At first glance, her words seem to be a restatement of conventional wisdom.
“The other members of the coequal and independent branches of the government should understand that based on our constitutional order, the decisions reached by the justices of the Supreme Court whether unanimously or by majority vote, must be respected,” she said. “We should be left alone to decide the fate of this institution without interference,” adding: “So we demand respect from the other members of the coequal and independent branches of the government.”
Could she have been referring to the obvious attempts by the President of the Philippines and the previous Speaker of the House of Representatives to intimidate the Court and its previous chief justice, Maria Lourdes Sereno?
It does not look like Speaker Gloria Arroyo will demand that De Castro pay a courtesy call on her, in the same way that
Rep. Pantaleon Alvarez tried to get Sereno to pay a courtesy call on him.
It also looks like De Castro and President Duterte share the same views; it does not seem likely that De Castro will receive a public challenge from the President, and a dare to impose martial law, in the same way that her predecessor did.
With her at the helm, even if only for less than two months, and with a majority of justices consistently voting in favor of the President’s legal positions, it does not look like a major official of either political branch will attempt again to browbeat the Court in public.
So what could De Castro have been referring to?
If anything, it was she who led the Court into a trap, the anti-Sereno hearings in the House, where the institutional dignity of the Court was greatly diminished.
It may be that this appeal, this demand for respect, is an attempt by the new chief justice to put some distance between her and the sordid events of the last several months.

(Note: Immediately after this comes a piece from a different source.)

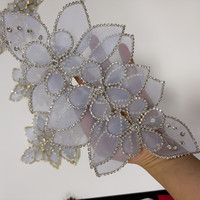 Grande patch fleurie bleu ciel avec feuilles, strass et chaîne de diamants pour la décoration de robes de mariée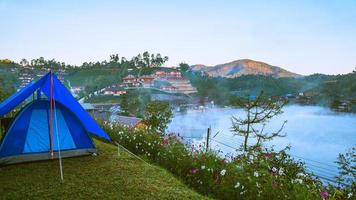 konceptet med att sätta upp ett bergsläger, campingtält, resa koppla av. landskap, natur, dimma touch på thailand. foto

But she did not stop there.
“I would like to say,” she also said, “that people outside would like to judge us from what they see from afar. But it is us the justices and the employees and officials of the Court who know what is happening inside the Supreme Court. And we should be left alone to decide for ourselves.”
There is no question that the members of the Court must reach decisions by themselves. Any attempt by any official of the executive or legislative branches of government, or indeed of any outside party, to influence the decision-making of the Court outside of the legal processes is illegal and unethical.
There is a wisdom to the deliberate design of the judiciary as a nonpolitical branch of government.
But is this what De Castro meant?
The Court, of course, can never be left completely alone; the constitutional system of checks and balances assures that, with the executive wielding appointing power over its members, and the legislative branch allocating its budget, subject to the fiscal autonomy guarantee given to the judiciary by the Constitution.
What De Castro apparently refers to is public perception of Court decisions (“people outside would like to judge us”) and then contrasts that with insider knowledge (“it is us… who know what is happening inside”). Then she concludes by returning to her theme: “And we should be left alone to decide for ourselves.”
It seems what De Castro is really getting at is the undue, unaccounted or unmeasured influence of public opinion on judicial decisions.
In sum: People outside the Court judge the justices by what they see “from afar.” They should instead judge the Court by how “the justices and the employees and officials” decide.
This is a plea easy enough to understand, but at its core is a fundamental misunderstanding of the role of the Court and the rest of the judiciary in the democratic project.
The Court must decide according to “facts and the law,” that is true. But both the facts and the law must reflect reality. It is eminently the role of the public to impress this reality on the decision-making of the Court.
The justices can facilitate this process by observing the principle of transparency as much as possible; or they can ignore it altogether.
But there’s no escaping the pressure of public opinion; that’s democracy.